Leading employers believe the controversial Cyprus passport for investment scheme should be maintained, improved and its resources redirected from property deals to funding industry as well.

George Petrou, chairman of the Employers’ and Industrialists Federation (OEB), said Thursday the ‘Citizenship by Investment Scheme‘, has contributed up to €9.7 billion in direct and indirect contributions and created about 10,000 jobs since 2013.

The so-called ‘golden passport’ scheme has come under fire from international media and the EU after Cyprus granted passports to financial fugitives.

Qatar-based Al Jazeera recently ran a series of reports identifying people wanted in Russia, eastern Europe, the Middle East and Asia as having bought Cypriot passports through the CIS scheme, often providing misleading and false information about their home convictions.

Cyprus was not stringent enough in its vetting process and after heavy criticism at home and abroad, said it was revising the CIS programme.

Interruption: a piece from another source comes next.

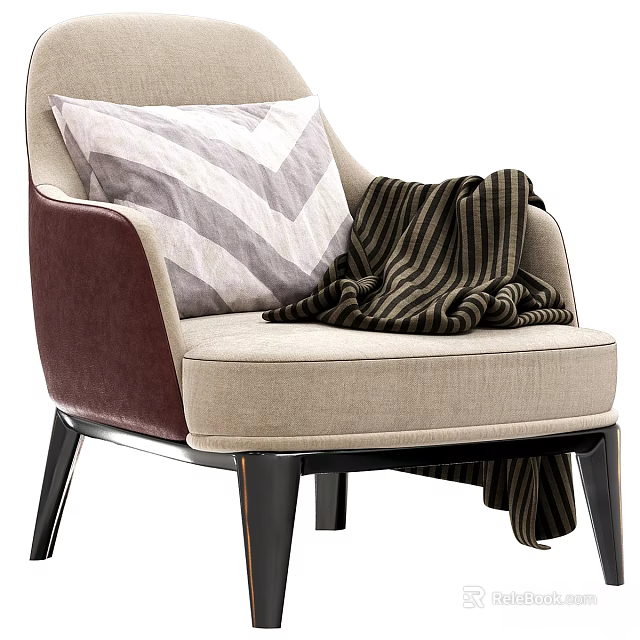 Accent Chair With Chevron Pillow And Striped Throw Blanket Burgundy Armrests Beige Seat Black Legs 3d model 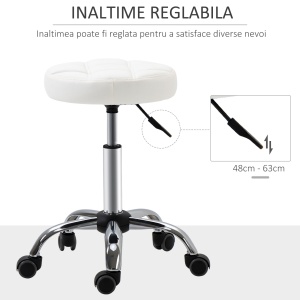 Scaun Rotativ cu Roti, Rotund, Scaun pentru Coafor și Estetician cu Înălțime Ajustabilă, Tapițat în Piele Ecologică, Ø35.5x51-67 cm, Alb - Img 4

It appointed a technocratic committee to probe the process for citizenship and earlier this week, the government said it was rescinding seven passports.

The CIS programme, the darling of accountants, lawyers and property developers on the island, requires an investment of at least €2 million and purchase of a €500,000 residence plus tax.

Investors also have to pay a €150,000 application fee with the money earmarked for low-cost housing and innovation.

Petrou said that 20 other European countries also have similar investments-for-passports programmes, some of which date back to the 2007-08 global financial crisis.

He agreed that the CIS programme should be enhanced and made stricter.

“Any mistakes in the past are being identified by an independent commission and will be improved,” Petrou added, referring to the lax inspection of applications.

An ‘economic impact assessment’ of the CIS programme, conducted by advisory firm EY, showed that throughout the programme a mere 6% (about €567 million) of foreign investments in Cyprus ended up in state coffers in fees and taxes, and a further 2% (€211 million) in the national pension fund.

More than two-thirds of the investment funds lined the pockets of property developers, who were on the brink of bankruptcy.

The new money helped them reduce their non-performing loans to banks, which in turn were hit by the exposure to property-secured debt.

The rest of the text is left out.